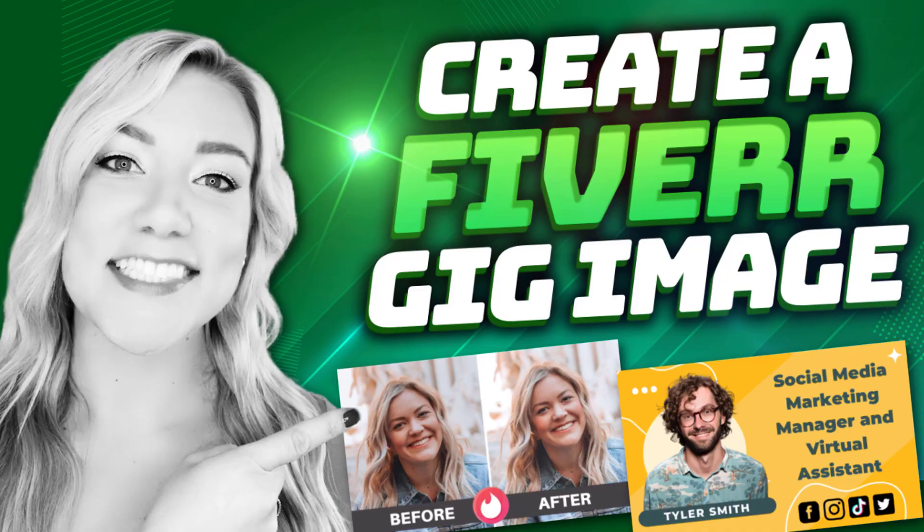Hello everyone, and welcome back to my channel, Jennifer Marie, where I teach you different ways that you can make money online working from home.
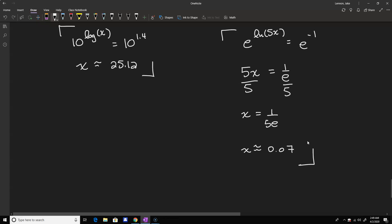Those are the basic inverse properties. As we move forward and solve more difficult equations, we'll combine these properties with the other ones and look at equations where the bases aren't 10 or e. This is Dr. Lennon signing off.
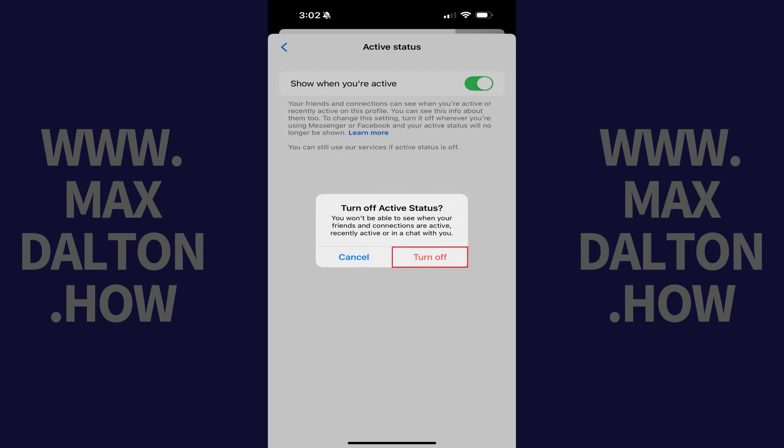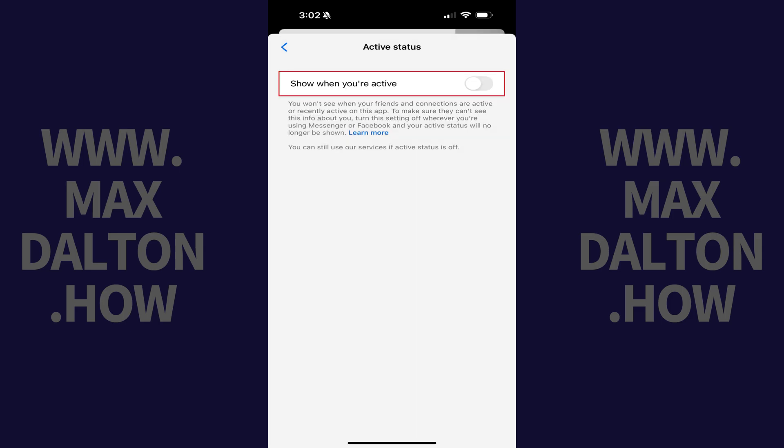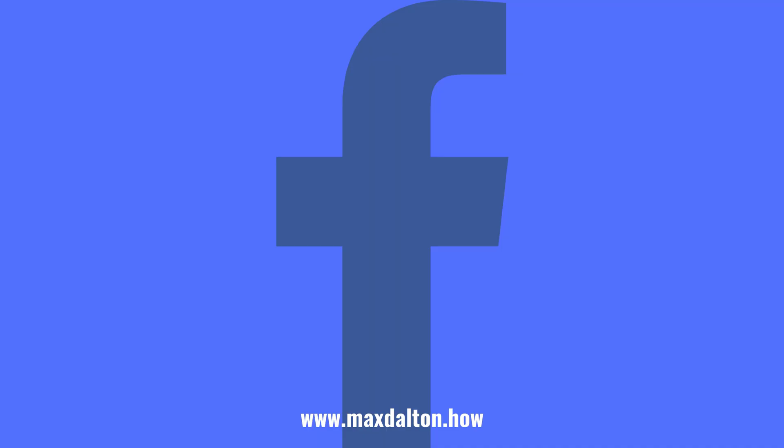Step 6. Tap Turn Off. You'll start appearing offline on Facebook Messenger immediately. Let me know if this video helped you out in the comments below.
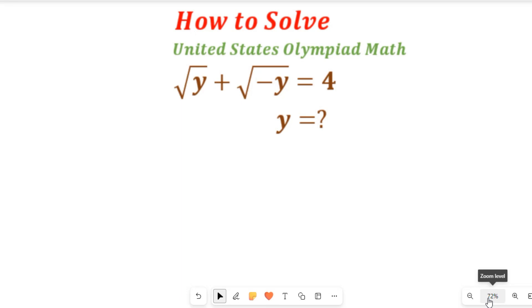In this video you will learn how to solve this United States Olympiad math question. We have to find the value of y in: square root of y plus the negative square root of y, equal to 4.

● ● ●

EXERCISE AIM –
Exclude every image and return the material above exactly.

ANSWER TO THIS TASK –
Hello everyone, and welcome back to my channel, Jennifer Marie, where I teach you different ways that you can make money online working from home.
Those are the basic inverse properties. As we move forward and solve more difficult equations, we'll combine these properties with the other ones and look at equations where the bases aren't 10 or e. This is Dr. Lennon signing off.
Step 6. Tap Turn Off. You'll start appearing offline on Facebook Messenger immediately. Let me know if this video helped you out in the comments below.
In this video you will learn how to solve this United States Olympiad math question. We have to find the value of y in: square root of y plus the negative square root of y, equal to 4.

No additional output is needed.